Previously, he ran for the seat of the Provincial Assembly of Khyber Pakhtunkhwa in the 2008 Pakistani general election from Constituency PK-48 (Abbottabad-V) as a candidate of Pakistan Muslim League (N) and was successful. He received 22,416 votes and defeated a candidate of Jamiat Ulema-e-Islam

Then in 2013 Pakistan Muslim League (N) again awarded him the ticket for the 2013 Pakistan general election from Constituency PK-48 (Abbottabad-V) and he again went for the seat of Provincial Assembly of Khyber Pakhtunkhwa but was unsuccessful this time and lost the seat to a candidate of Pakistan Tehreek-e-Insaf by a little margin.

Then in 2015 he was awarded the ticket of the Senate of Pakistan by Pakistan Muslim League (N) from Khyber Pakhtunkhwa and he was successful.

In the Senate of Pakistan he became the Chairman of the Standing Committee on Law and Justice, and also passed important bills.

“The Compulsory teaching of Arabic Language Bill 2020” had been introduced by Abbasi as a private members bill in which Arabic Language will be taught from class I to V and grammar from VI to XII, the house passed the bill after everyone spoke in favour of the it except Raza Rabbani.

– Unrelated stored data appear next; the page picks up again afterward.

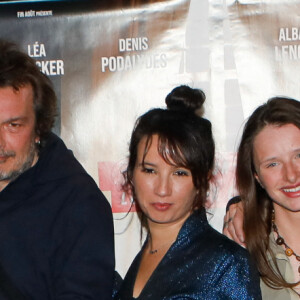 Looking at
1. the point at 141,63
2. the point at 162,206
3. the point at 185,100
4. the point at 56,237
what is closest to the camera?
the point at 56,237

“The Criminal Laws (Amendment) Bill 2020” was also introduced by Abbasi in which whoever commits rape, molestation of any kind to any human corpse shall be punished with imprisonment of life not less than 14 years and a fine which may extend to one million but not less than one hundred thousand rupees.

Abbasi also holds the record of presenting the most private members bills (86) in one tenure in the History of Senate of Pakistan and National Assembly of Pakistan.